We’re all used to the confusion between the words ‘diffuse’ and ‘defuse’ as verbs, caused by the pronunciation of the latter with the KIT vowel rather than the more etymologically correct FLEECE. If we were to introduce a hyphen into ‘defuse’, and wrote it ‘de-fuse’, we might start hearing it differentiated rather more, but that’s not likely to happen any time soon, especially as other words which used always to have a hyphen are now usually seen without one: ‘co-operate’ is a case in point, leading to a confusion in pronunciation between ‘corporation’ and ‘cooperation’.
This is all by way of an introduction to another confusion which I’ve recently seen in a newspaper article, and here there is no simple way round it.
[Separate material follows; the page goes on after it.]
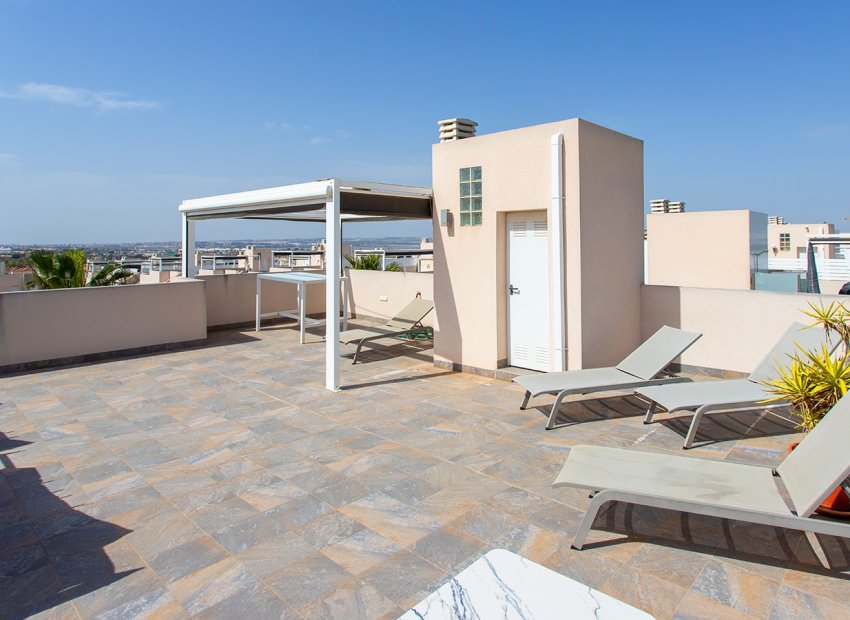 Herverkoop - Townhouse / Duplex / Corner - Torrevieia - Aguas Nuevas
As it occurs in a quotation, I’m not sure whether it is the journalist or the person being quoted who has created it. In a report on the progress of a commercial company, we read of “the illusive trinity of like-for-like growth, unit growth and margin growth”. Does this mean that although the company is reporting all three, their co-existence is simply an illusion, or, which I think more likely, is ‘illusive’ simply a mistake for ‘elusive’?


  1. Are you talking of accents that do distinguish these, or accents that have no such difference for unstressed [i] (crisis = crises)?
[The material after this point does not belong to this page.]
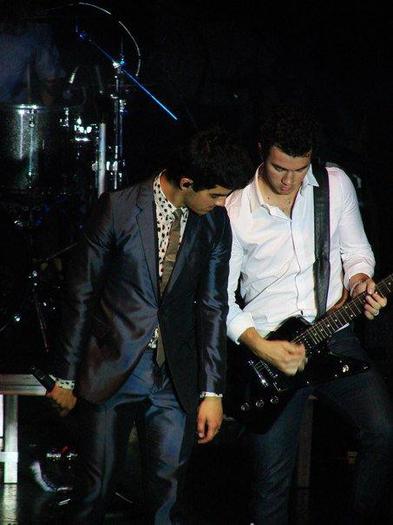 jonas-tj-martell-pictures-4 - Poze cu Jonas Brothers in recitalul TJ Martell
  2. I would pronounce ‘elusive’ and ‘illusive’ identically, with KIT in the first syllable of both. Others may use schwa in ‘elusive’, and I suppose there may well be people who use schwa in both words. For the second of these three options, there is the extra possible confusion between ‘elusive’ and ‘allusive’. Spell checkers are no use here – they will accept all three spellings as correct, and not flag up the difficulty. The only solution is to learn the spellings and the meanings, just as ‘there’~’their’~’they’re’ and ‘principal’~’principle’ need to be learned. If someone’s particular accent has clearly different pronunciations for the group, then that person is lucky not to have the problem!

  3. Embarrassing confusion along these lines some years ago with an Australian. The topic was the hordes of near-geriatric western men who come to Thailand and marry much younger Thai women from rural areas. And the argument, supported by the Australian, was that this was still a form of exploitation. Now the Australian himself had divorced his first wife (Australian, same age as him) and married a younger Thai woman and he suddenly realized that he might seem to be condemning his own actions. He quickly defended himself by saying that his new wife was no know-nothing bumpkin bimbo, but an educated Bangkokian of 30 years of age. ‘At that age,’ he said, ‘she has no ?llusions.’ ‘You mean literary allusions, Peter?’ He thought I was being deliberately dense. Maybe I was.

  4. There have always been homophones in different accents – sometimes distinguished in others. They probably come and go with sound change.